Admittedly, given this was Christie's first AI artwork to go under the hammer in its 252-year history, we could forgive the auctioneers for not knowing its true worth.
The painting was produced by a piece of artificial intelligence which was taught about art by being shown 15,000 portraits from the 14th to 20th centuries.
Christie's described the artwork: "The portrait in its gilt frame depicts a portly gentlemen, possibly French and - to judge by his dark frock coat and plain white collar - a man of the church. The work appears unfinished: the facial features are somewhat indistinct and there are black area of canvas...A label on the wall states that the sitter is a man named Edmond Belamy".
The picture is one of a group of portraits of the fictional Belamy family, created by a Paris-based collective called Obvious, made up of three French 25-year-olds.
There are two parts to the AI. The first is called the Generator, which is taught what portraits look like by being shown 15,000 of them.

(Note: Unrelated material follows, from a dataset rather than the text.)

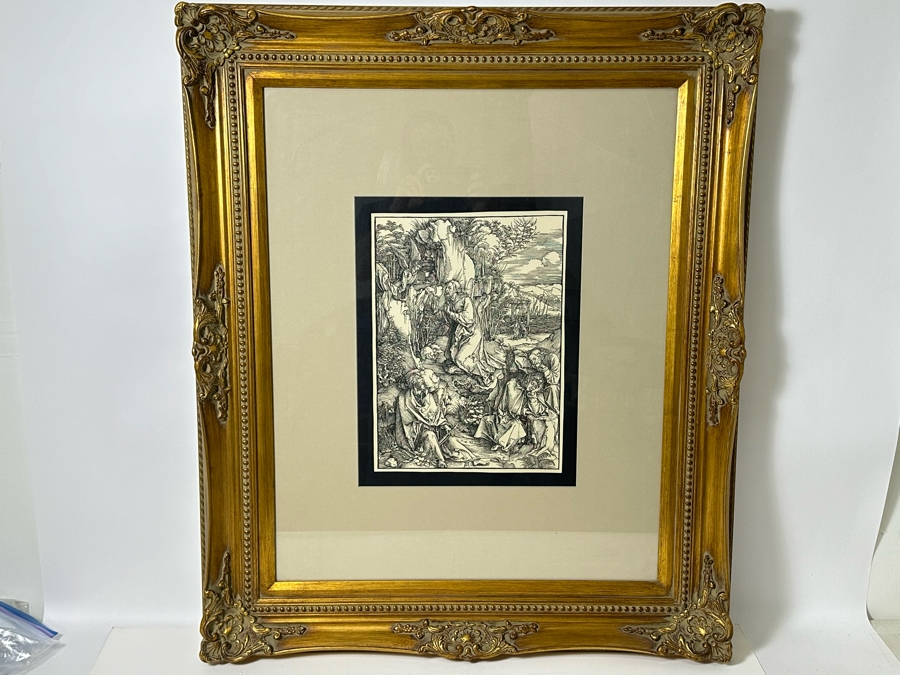 After Albrecht Durer 'Christ On The Mount Of Olives' Print 13 X 17 In Gold Frame 32 X 38 [Photo 3]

It then creates the painting. Next, the second part, called the Discriminator, is used to work out if it thinks the painting was made by a computer or a human. If the AI is able to trick itself - to convince the Discriminator that the Generator's work is that of a human - then it passes the test.
Christie's specialist Richard Lloyd said of the artwork's authenticity: "It is a portrait, after all. It may not have been painted by a man in a powdered wig, but it is exactly the kind of artwork we have been selling for 250 years.
"AI is just one of several technologies that will have an impact on the art market of the future - although it is far too early to predict what those changes might be. It will be exciting to see how this revolution plays out."